How a Bill is Passed in Indian Parliament | Types of Bills in Parliament

By BYJU'S Exam Prep

Updated on: November 14th, 2023

Aspirants preparing Indian Polity for the UPSC IAS exam should understand how a bill is passed in Parliament. The Indian Parliament plays a vital role in smoothly carrying out the country’s legislative process. Several bills are passed in the parliament with the goal of growing and developing the country. The four main types of bills in Parliament are Ordinary bills, money bills, finance bills, and constitutional amendment bills. An IAS exam aspirant should know about the process of passing a bill in the Indian parliament.

The Union government in India is responsible for formulating the laws for the entire country. In contrast, the State governments are vested with the powers to form laws for their respective states as they feel fit. That’s how a bill is passed in parliament when there is a need to formulate a law either by the Union or the State government.

How a Bill is Passed in Indian Parliament?

Knowing how a bill is passed in the Indian Parliament is important information that should be known to all citizens as basic general knowledge, especially for those preparing for the UPSC exam. Whenever there is a need for a new law to be formulated or a new system to be introduced, a bill must be passed in the house of parliament, which goes through a step-by-step process until the final bill is passed.

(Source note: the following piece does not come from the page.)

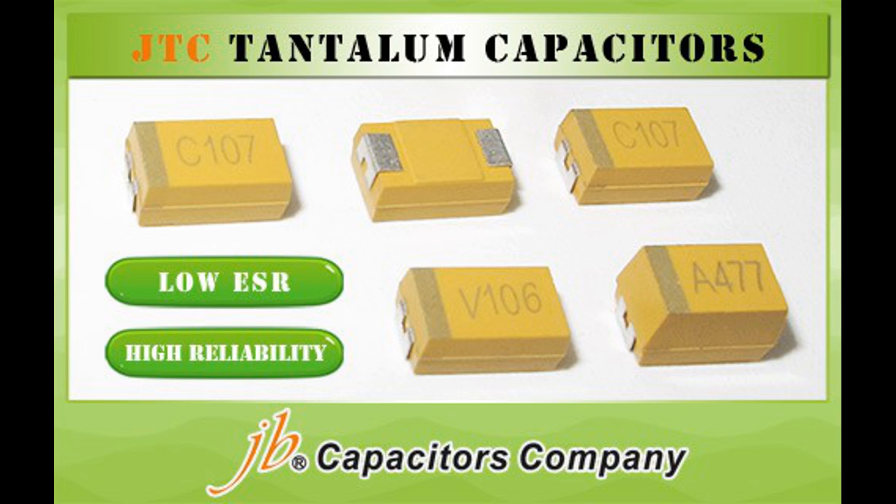Overall, the stability and reliability of tantalum capacitors make them a preferred choice for applications where consistent performance and long-term reliability are essential. Tantalum capacitors are valued for their high capacitance density, stability, and reliability, making them suitable for many applications in modern electronics.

  • A bill can not become a law unless approved by both houses of the parliament, including the approval of the President of India.
  • The introduction of a new bill can be done in either house of the Indian parliament (Lok Sabha or Rajya Sabha) by a Minister or any other member other than a Minister.
  • If a Minister introduces a bill, it is known as a Government Bill, and if it is introduced by any member other than the Minister, it is called a Private Member’s bill.
  • A Bill goes through ‘three readings’ in each house of the Parliament before it is sent to the President of India for approval.
  • If the Bill is approved by the President, it finally becomes a law for everyone to be followed throughout the country.

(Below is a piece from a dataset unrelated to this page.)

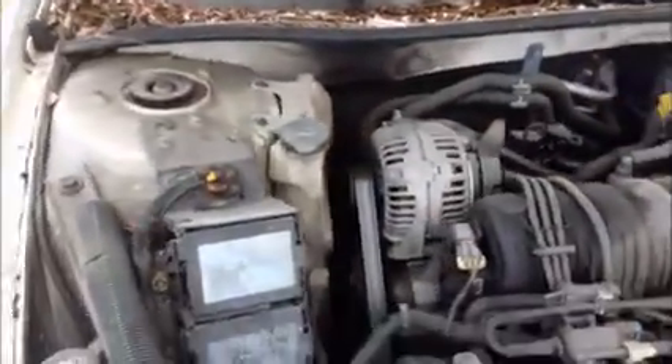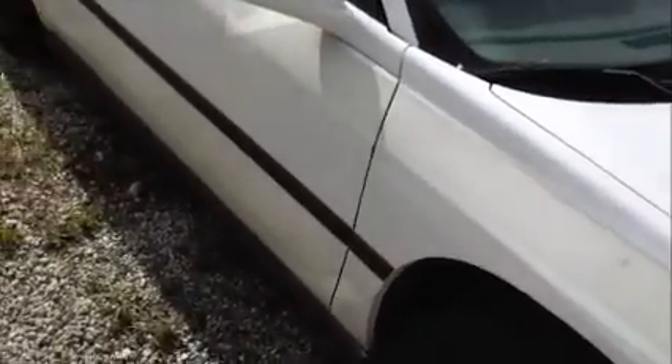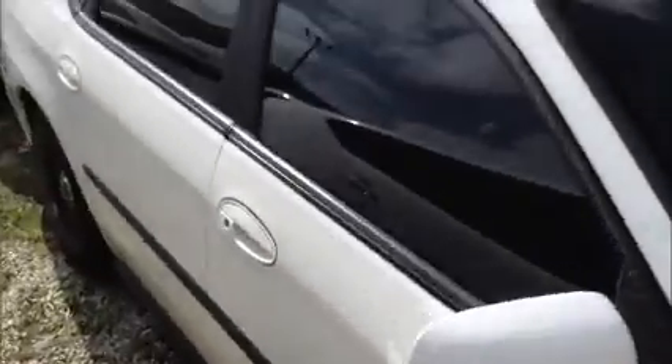This is a Chevy Impala. As you see it starts up. It's loose here — those are the old glue from the old stickers. This was a police car, but it was not a patrol car because it did not have the light bar.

Types of Bills in Parliament

The law-making process begins with the introduction of a Bill in either house of the Parliament by a Minister or a member of the parliament (MP). Four main types of bills are passed or introduced for various reasons in both houses of parliament. These are as follows:

Money Bill

The money bill is mentioned in Article 110 of the Indian Constitution. The above-mentioned article mentions all the provisions specific to this bill.

  • A Money Bill primarily concerns financial matters like public expenditures, taxation, borrowing of money by the government, etc.
  • It can only be represented in Lok Sabha by a Minister.
  • It can move forward once passed by Lok Sabha, only after it is given a recommendation by the President of India.
  • The Rajya Sabha does not hold any right to reject or make amends to the Money Bill. It can only detain it for 14 days.
  • The President himself can not return the bill for any kind of reconsideration. He can only approve or disapprove of it.
  • There is no such provision for joint sitting in the case of a Money Bill, as there is no chance of a disagreement.

Ordinary Bill

Any matters apart from the financial ones concern the ‘Ordinary Bill’, as per Articles 107 & 108 of the Indian Constitution. The Ordinary Bill can be introduced in either house of the parliament by either a Minister or a Member of the Parliament (MP).

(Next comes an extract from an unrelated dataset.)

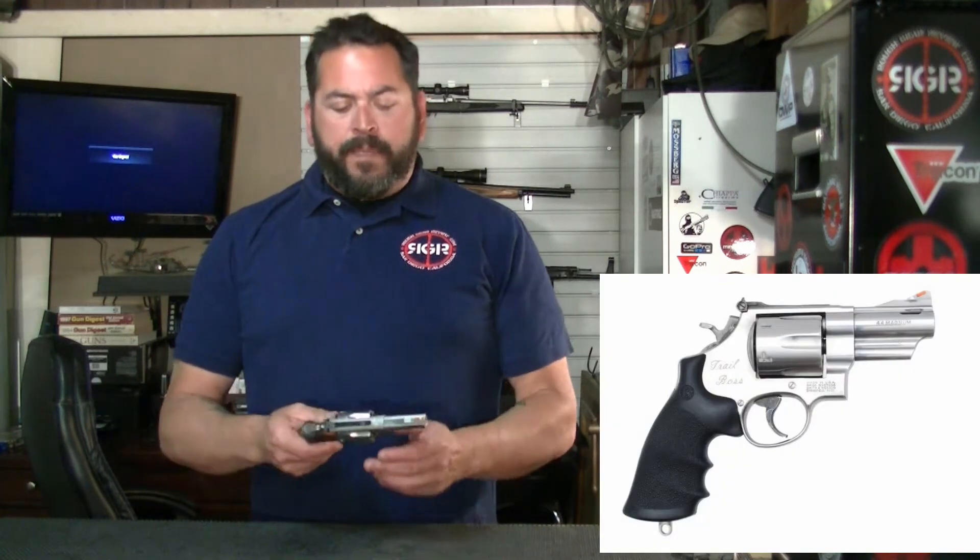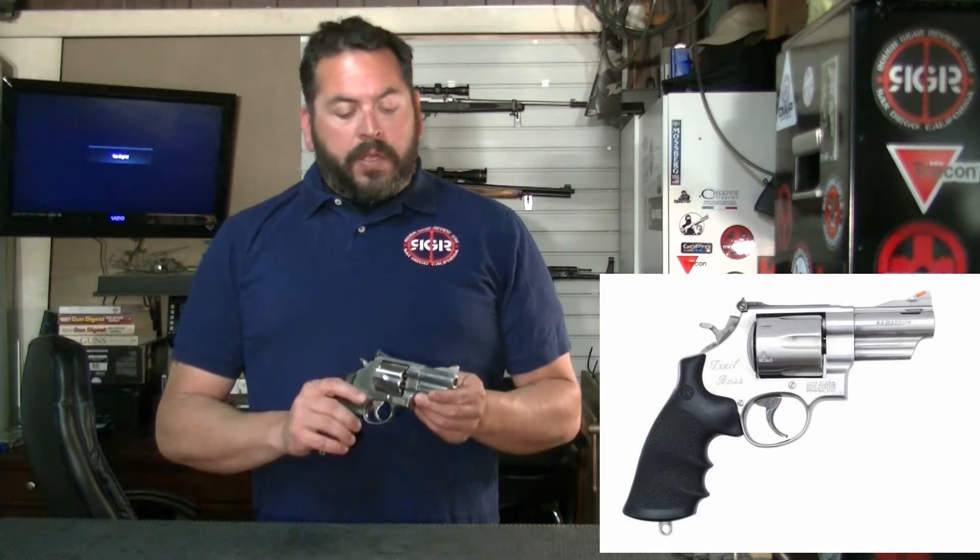Hey guys and welcome to Rough Gear Review. Today we're having a look at the Smith & Wesson Trail Boss. It's right here — 44 Magnum, a little three-inch barrel. It's ported.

  • The President’s recommendation is not required to pass an Ordinary Bill.
  • The Rajya Sabha holds the right to approve or disapprove this bill and can also be detained for six months.
  • An Ordinary Bill is sent for President’s approval only after it is passed by both houses of Parliament.
  • The President can approve, disapprove, or send an ordinary bill for reconsideration.
  • There is also a provision for a joint sitting in case of a dead-end or stand-off.

You can read more about these bills individually to get a strong hold on the topic and better understand the difference between a Money Bill and an Ordinary Bill.

Financial Bill

A Financial Bill deals with all financial matters but differs from the Money Bill according to Article 117 of the Indian Constitution. Financial Bills also deal with matters relating to taxation and expenditure. These are further classified into Category A and Category B.

  • Financial Bills coming under Category A deal with matters mentioned in sub-clause ‘a’ to ‘f’ of Clause 1 of Article 110 of the Indian Constitution.
  • The Financial Bills under Category B deal with matters related to expenditures from the Consolidated Fund of India.
  • All Money bills can be classified as financial bills, but all financial bills can not be called money bills.

You can also learn in detail about the difference between a Money Bill and a Financial Bill to better understand the distinction between these bills.

Constitutional Amendment Bill

The Constitutional Amendment Bill deals with the amendments in the provisions of the Indian Constitution. This bill is defined per Article 368 of the Indian Constitution.

Process of Passing a Bill in Indian Parliament

A Bill, irrespective of the type, goes through three readings in each House of Parliament, i.e. Lok Sabha and the Rajya Sabha. Once the three readings in both Houses are accomplished, and the Bill has been passed by both Houses of Parliament, it is sent to the President of India for approval.

How a Bill is Passed in Indian Parliament PDF

There are slightly different procedures adopted for each type of Bill passed. In detail, let us discuss the process of passing a Bill in the Indian parliament.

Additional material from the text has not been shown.